How to Design Mystery Products That Work
Elgayar, Guhl, Stich & Spann: "Designed Uncertainty in Mystery Products" CRC Discussion Paper No. 565
Pop Mart, the Chinese blind-box company, more than doubled its revenue to RMB 13 billion in 2024. Stitch Fix ships “mystery” clothing bundles to 2.5 million active clients. In food retail, Too Good To Go connects over 100 million registered users with roughly 175,000 business partners through surprise food bags. Mystery products, offerings that deliberately conceal key attributes until after purchase, are no longer a niche curiosity. They represent a massive and rapidly growing market across industries. Yet while some mystery-based offerings scale quickly, others quickly lose momentum. But how should firms design the uncertainty at the heart of these products?

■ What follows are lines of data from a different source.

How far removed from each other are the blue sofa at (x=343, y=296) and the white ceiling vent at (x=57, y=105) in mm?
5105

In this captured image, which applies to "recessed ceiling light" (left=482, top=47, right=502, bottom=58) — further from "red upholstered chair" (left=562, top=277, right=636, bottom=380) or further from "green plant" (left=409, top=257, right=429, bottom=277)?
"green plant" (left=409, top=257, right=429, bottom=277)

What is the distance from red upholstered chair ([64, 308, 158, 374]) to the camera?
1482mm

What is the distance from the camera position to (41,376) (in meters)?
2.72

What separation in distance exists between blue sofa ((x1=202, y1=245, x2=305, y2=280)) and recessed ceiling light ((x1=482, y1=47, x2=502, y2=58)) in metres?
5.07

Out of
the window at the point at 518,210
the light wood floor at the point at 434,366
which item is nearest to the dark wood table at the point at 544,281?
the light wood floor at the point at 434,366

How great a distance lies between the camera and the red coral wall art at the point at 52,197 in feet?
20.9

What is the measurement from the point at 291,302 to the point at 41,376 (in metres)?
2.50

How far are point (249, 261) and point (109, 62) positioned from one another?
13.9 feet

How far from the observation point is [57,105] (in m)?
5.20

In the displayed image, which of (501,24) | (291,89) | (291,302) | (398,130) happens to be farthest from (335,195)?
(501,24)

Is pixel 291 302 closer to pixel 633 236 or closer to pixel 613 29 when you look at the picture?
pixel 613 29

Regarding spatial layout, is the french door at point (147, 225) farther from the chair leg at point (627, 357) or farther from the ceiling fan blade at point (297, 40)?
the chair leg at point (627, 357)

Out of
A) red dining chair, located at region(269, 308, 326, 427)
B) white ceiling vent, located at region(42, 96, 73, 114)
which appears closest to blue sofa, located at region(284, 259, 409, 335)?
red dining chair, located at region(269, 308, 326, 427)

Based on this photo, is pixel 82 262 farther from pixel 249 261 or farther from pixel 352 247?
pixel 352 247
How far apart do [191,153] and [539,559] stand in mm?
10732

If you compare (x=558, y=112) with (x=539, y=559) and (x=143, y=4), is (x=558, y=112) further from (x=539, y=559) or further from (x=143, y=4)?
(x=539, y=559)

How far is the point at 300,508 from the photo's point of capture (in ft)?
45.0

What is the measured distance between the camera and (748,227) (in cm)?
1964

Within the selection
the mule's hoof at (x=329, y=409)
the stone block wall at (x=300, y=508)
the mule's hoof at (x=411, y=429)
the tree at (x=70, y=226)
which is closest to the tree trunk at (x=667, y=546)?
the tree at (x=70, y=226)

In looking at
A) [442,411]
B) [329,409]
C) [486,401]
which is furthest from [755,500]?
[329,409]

A new CRC TRR 190 Discussion Paper by Alaa Elgayar (HU-Berlin), Daniel Guhl (HU-Berlin), Lucas Stich (University of Würzburg), and Martin Spann (LMU Munich) tackles exactly this question. In “Designed Uncertainty in Mystery Products”, the authors show that the success of mystery products depends not on how much uncertainty firms create, but on how carefully they design it. The authors focus on two design levers that firms can control.
Two levers firms can pull
The first lever is what goes into the mix: the composition of possible outcomes a consumer might receive. Are the potential products similar in perceived value, or is there a clear “best” and “worst” option? The second lever is how much consumers know about the odds. Are the probabilities of each outcome disclosed (a 50/50 chance, say), or are they left vague?

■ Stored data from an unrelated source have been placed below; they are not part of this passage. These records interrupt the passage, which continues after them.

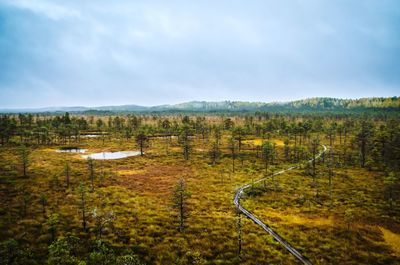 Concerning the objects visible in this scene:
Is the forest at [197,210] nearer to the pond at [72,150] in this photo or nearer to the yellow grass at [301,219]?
the yellow grass at [301,219]

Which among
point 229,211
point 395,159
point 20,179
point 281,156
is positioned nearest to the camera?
point 229,211

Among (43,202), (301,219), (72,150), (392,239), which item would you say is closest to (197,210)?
(301,219)

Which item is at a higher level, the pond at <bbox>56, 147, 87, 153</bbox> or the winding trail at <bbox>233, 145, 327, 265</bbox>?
the pond at <bbox>56, 147, 87, 153</bbox>

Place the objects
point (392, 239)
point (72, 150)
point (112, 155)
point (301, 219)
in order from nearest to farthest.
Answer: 1. point (392, 239)
2. point (301, 219)
3. point (112, 155)
4. point (72, 150)

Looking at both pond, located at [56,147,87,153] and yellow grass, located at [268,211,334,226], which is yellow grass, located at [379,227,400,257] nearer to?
yellow grass, located at [268,211,334,226]

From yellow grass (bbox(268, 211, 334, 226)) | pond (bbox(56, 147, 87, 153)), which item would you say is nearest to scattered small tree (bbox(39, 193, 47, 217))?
yellow grass (bbox(268, 211, 334, 226))

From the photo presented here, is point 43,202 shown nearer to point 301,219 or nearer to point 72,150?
point 301,219

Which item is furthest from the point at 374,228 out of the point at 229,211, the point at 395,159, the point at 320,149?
the point at 320,149

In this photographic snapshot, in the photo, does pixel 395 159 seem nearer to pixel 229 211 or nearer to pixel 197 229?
pixel 229 211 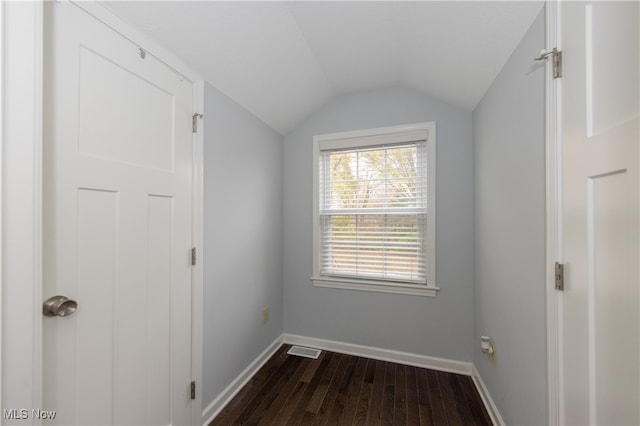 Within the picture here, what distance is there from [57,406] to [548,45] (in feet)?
7.60

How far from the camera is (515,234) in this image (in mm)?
1367

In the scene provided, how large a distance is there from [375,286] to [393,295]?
172 mm

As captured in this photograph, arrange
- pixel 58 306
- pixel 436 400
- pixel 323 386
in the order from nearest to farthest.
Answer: pixel 58 306 < pixel 436 400 < pixel 323 386

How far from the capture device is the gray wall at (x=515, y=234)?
3.74ft

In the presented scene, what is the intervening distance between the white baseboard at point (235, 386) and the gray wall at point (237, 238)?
38 millimetres

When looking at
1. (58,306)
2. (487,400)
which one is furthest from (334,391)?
(58,306)

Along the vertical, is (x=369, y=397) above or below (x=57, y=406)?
below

These two decisions, the authors argue, are very relevant: how consumers evaluate products, what they are willing to pay, and which brands win or lose at the market level.
How they tested it
The authors ran two incentive-aligned experiments. In both, participants faced the same core decision: choose one of two fully specified options, choose a mystery option that would turn out to be one of them, or walk away. The composition of the two fully specified options changed across choice tasks, sometimes the options were close in value, sometimes far apart. Half of the participants were told the mystery option would resolve with equal probability; the rest were simply told it could be either, with no probabilities specified.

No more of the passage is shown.